## What the exercise asks
Would you please give every entry again exactly, without the pictures?

==== Exercise input

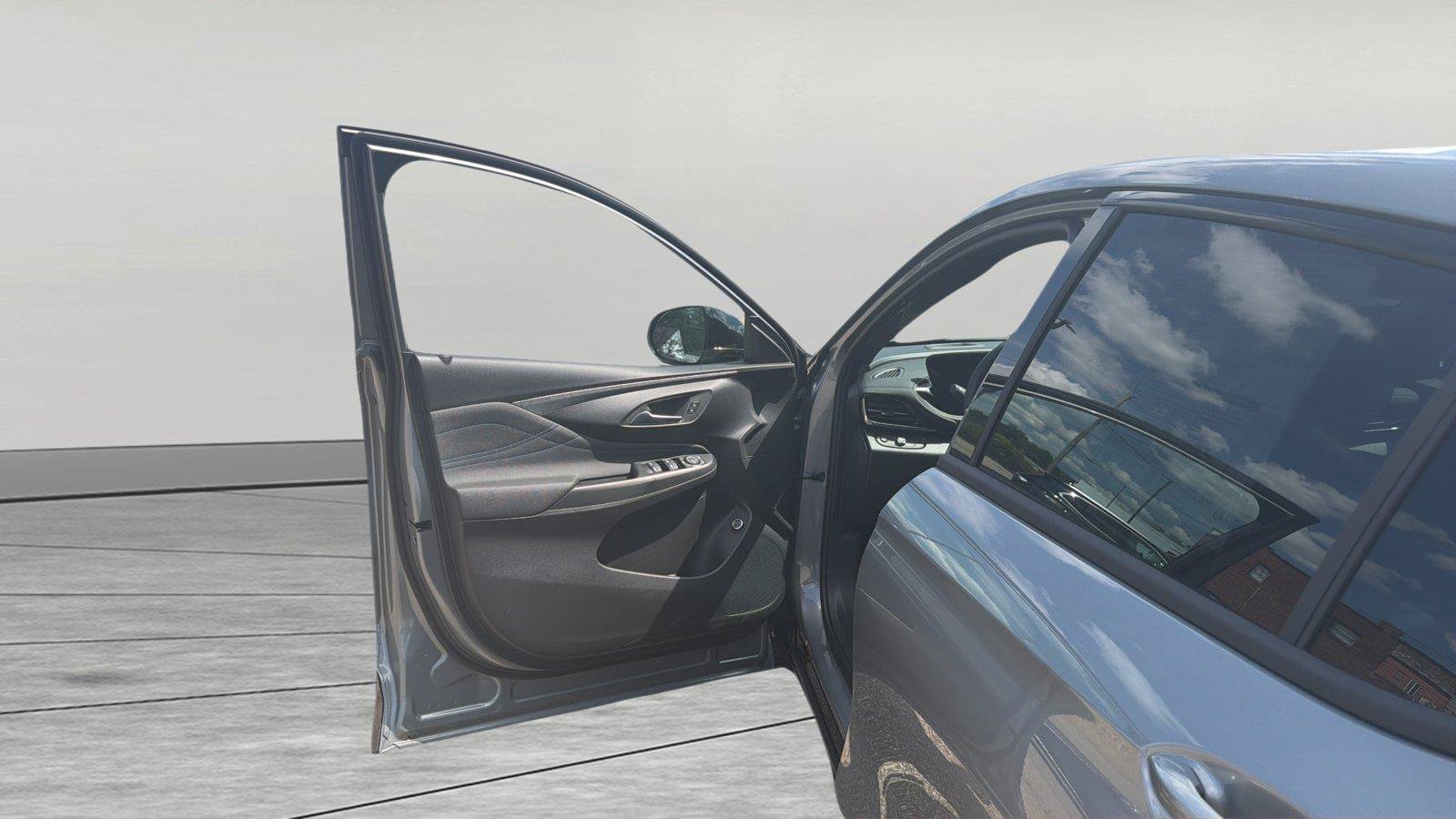New 2026 Buick Envista Sport Touring w/ Convenience I Package FWD image 16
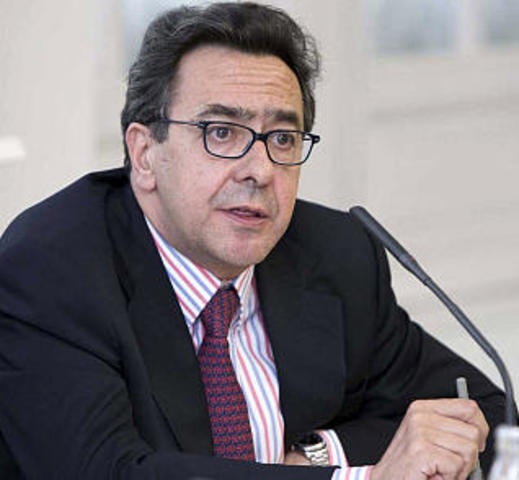 Nacimiento de Justo Villafañe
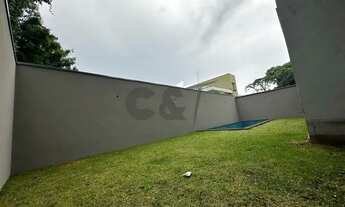 Imagem 3: Casa de Condomínio - 4 Dormitórios (Suítes) à Venda no Alto da Boa Vista - São Paulo/SP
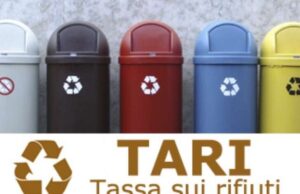 Agevolazione TARI a Chiavari TARI-Tassa sui rifiuti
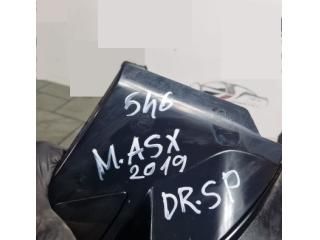 bontott MITSUBISHI ASX Jobb Külső Hátsó Lámpa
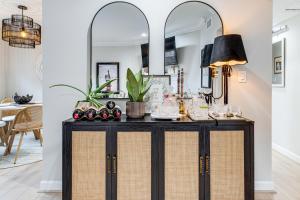 No Car Needed! Condo in Old Town Alexandria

========

## Your response
New 2026 Buick Envista Sport Touring w/ Convenience I Package FWD image 16
 Nacimiento de Justo Villafañe
 Imagem 3: Casa de Condomínio - 4 Dormitórios (Suítes) à Venda no Alto da Boa Vista - São Paulo/SP
 Agevolazione TARI a Chiavari TARI-Tassa sui rifiuti
 bontott MITSUBISHI ASX Jobb Külső Hátsó Lámpa
 No Car Needed! Condo in Old Town Alexandria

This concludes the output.